| Recorded information |
○ ○ ○ ○
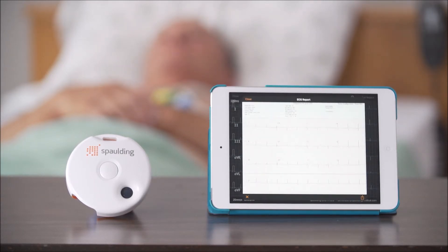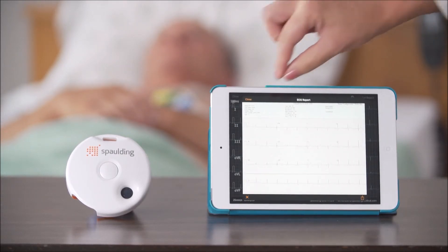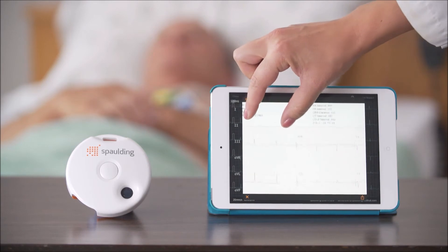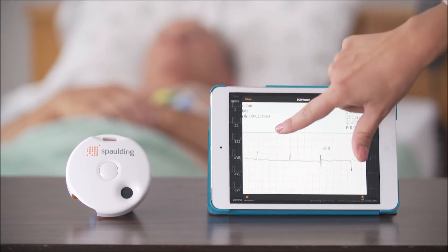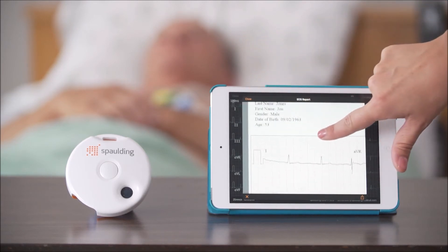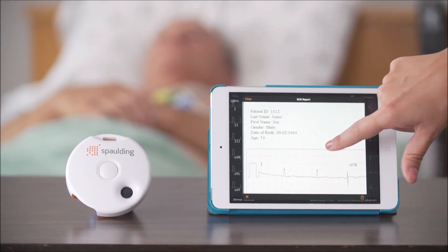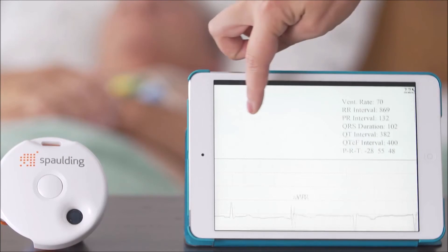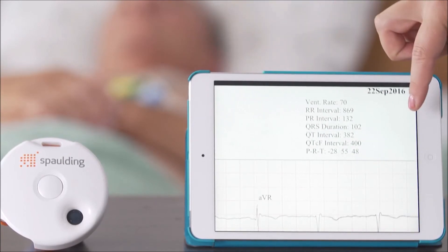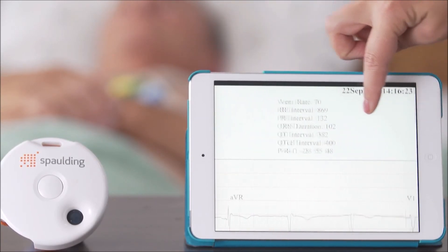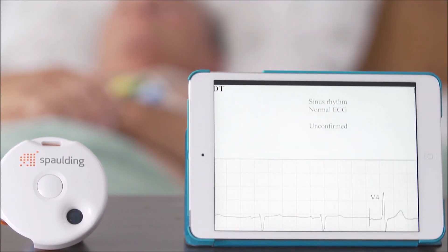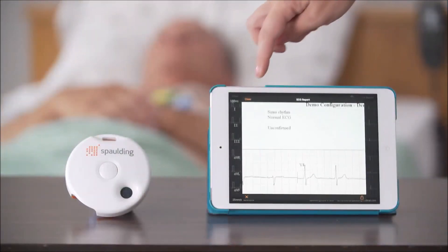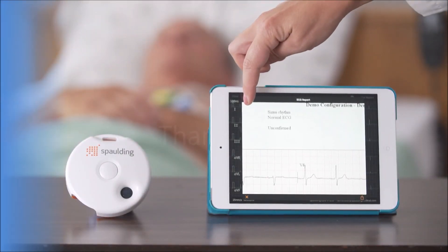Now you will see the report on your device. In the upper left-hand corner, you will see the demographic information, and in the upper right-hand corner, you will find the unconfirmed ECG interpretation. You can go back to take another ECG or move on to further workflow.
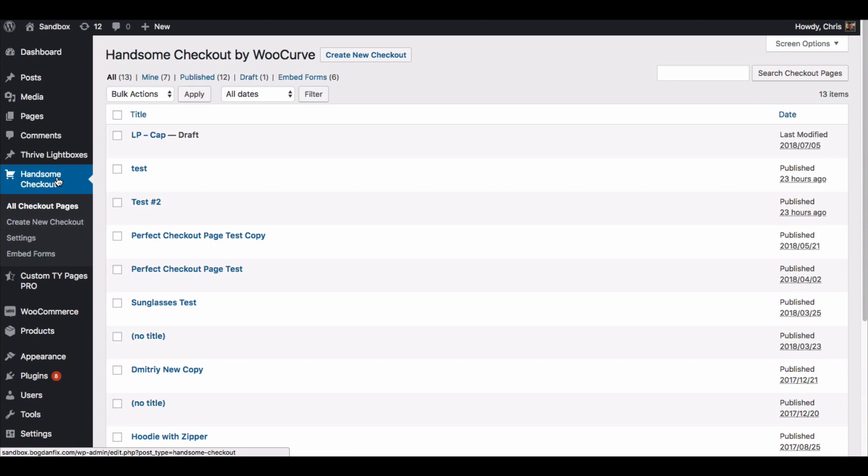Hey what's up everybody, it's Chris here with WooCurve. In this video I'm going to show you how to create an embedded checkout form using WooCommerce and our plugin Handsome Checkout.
○ ○ ○ ○
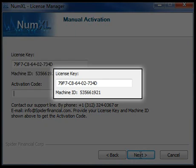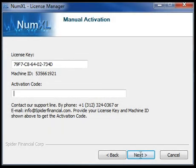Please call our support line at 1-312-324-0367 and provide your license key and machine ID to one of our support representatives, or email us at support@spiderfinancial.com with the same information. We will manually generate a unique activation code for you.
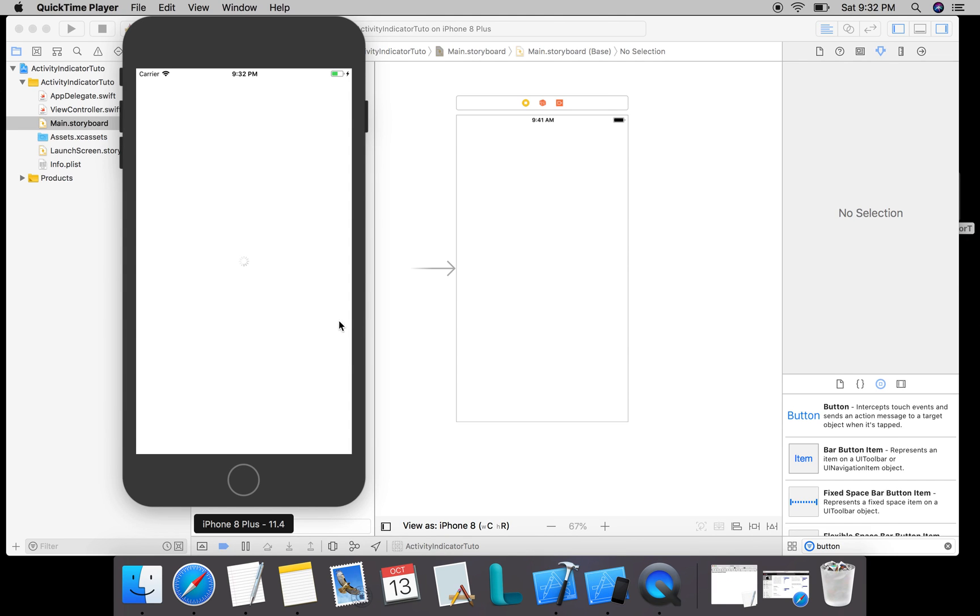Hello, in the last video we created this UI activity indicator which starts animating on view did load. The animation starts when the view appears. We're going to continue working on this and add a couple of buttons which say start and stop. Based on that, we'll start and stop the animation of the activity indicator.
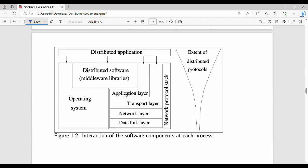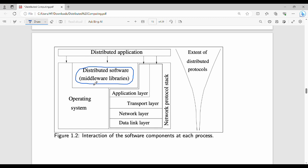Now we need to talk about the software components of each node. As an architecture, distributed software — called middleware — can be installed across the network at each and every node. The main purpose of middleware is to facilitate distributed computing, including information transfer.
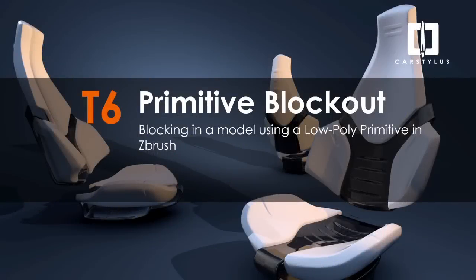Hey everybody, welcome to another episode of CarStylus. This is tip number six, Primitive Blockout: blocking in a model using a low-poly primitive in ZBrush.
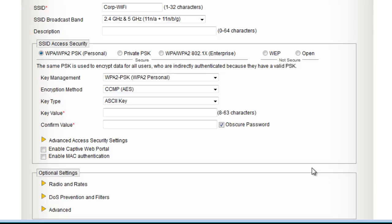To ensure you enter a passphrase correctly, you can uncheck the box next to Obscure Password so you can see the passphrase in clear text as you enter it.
○ ○ ○ ○
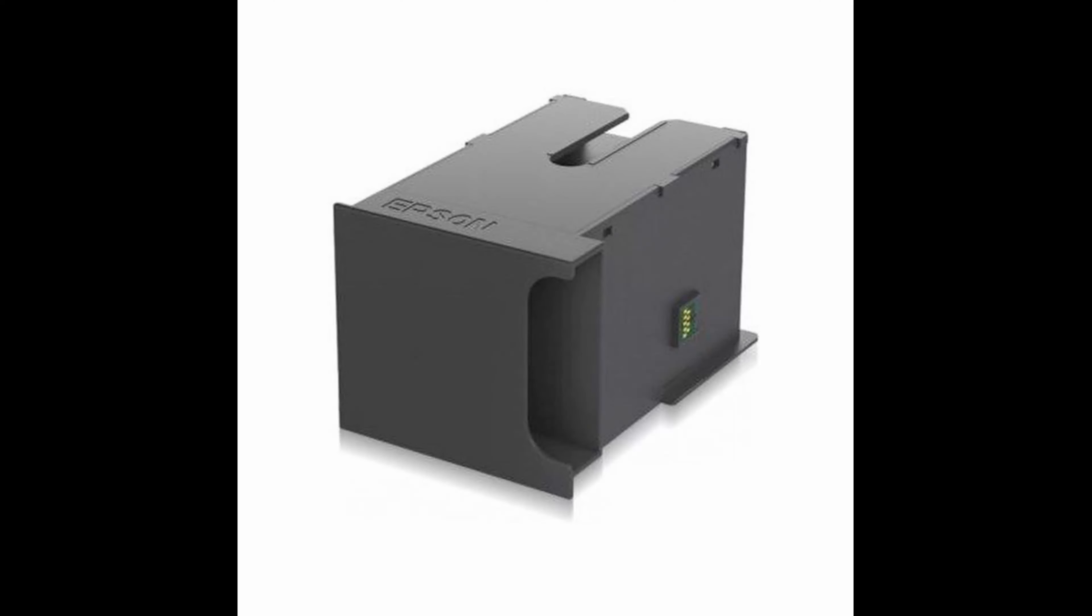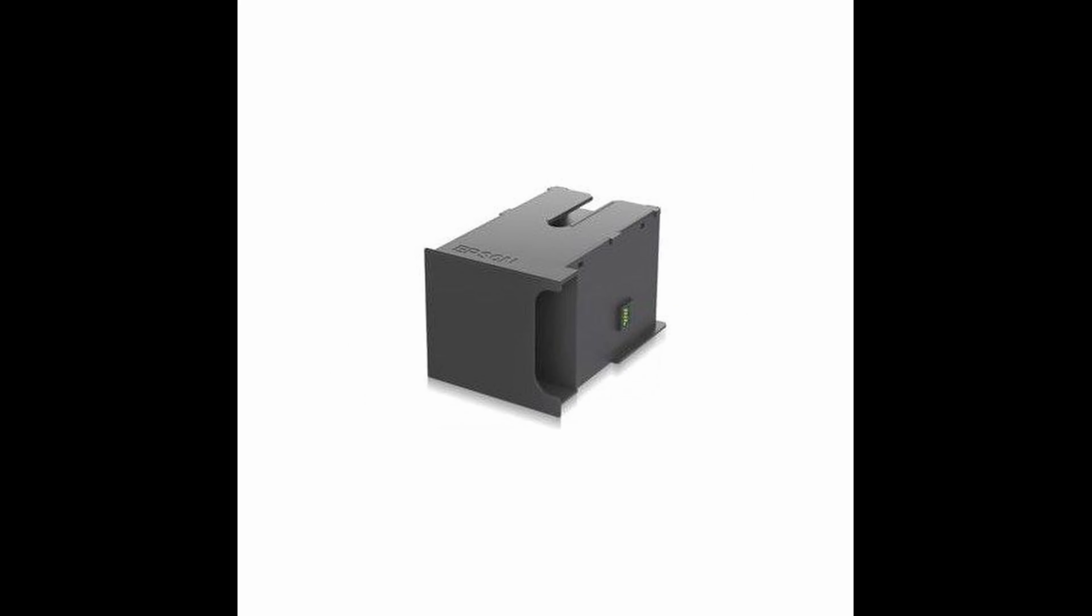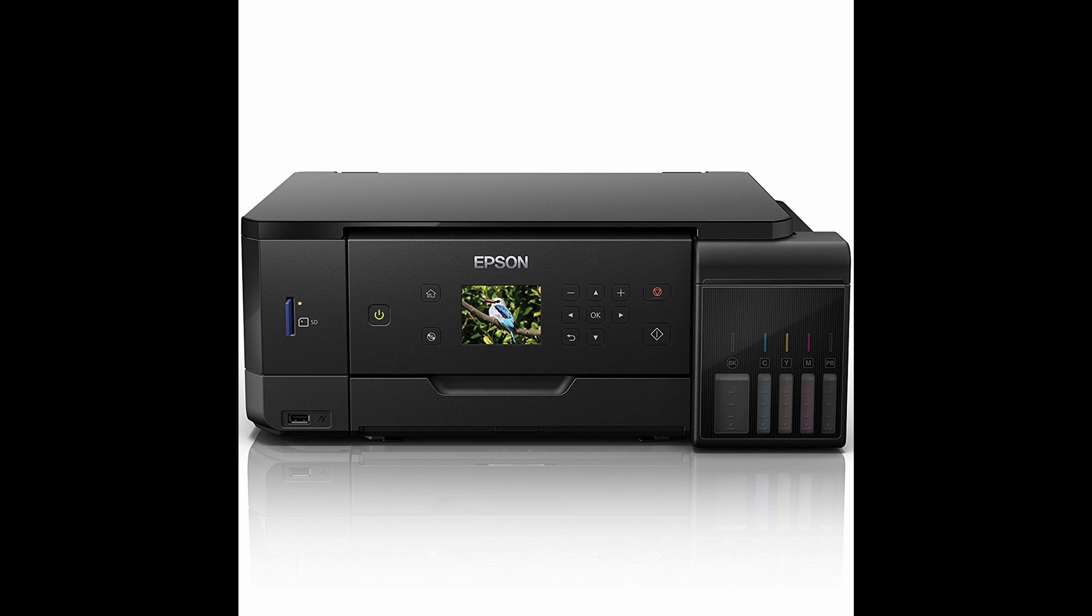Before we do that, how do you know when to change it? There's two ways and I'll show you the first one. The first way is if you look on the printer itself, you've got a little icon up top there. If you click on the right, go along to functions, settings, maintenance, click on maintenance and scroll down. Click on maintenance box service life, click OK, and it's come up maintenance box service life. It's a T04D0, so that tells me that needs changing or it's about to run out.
○ ○ ○ ○
| Instructions for the task |
Leaving all pictures out, output exactly the lines of the material above from the line with "Hello, in the" to the line with "Now we need", both included.

| Task output |
Hello, in the last video we created this UI activity indicator which starts animating on view did load. The animation starts when the view appears. We're going to continue working on this and add a couple of buttons which say start and stop. Based on that, we'll start and stop the animation of the activity indicator.
Now we need to talk about the software components of each node. As an architecture, distributed software — called middleware — can be installed across the network at each and every node. The main purpose of middleware is to facilitate distributed computing, including information transfer.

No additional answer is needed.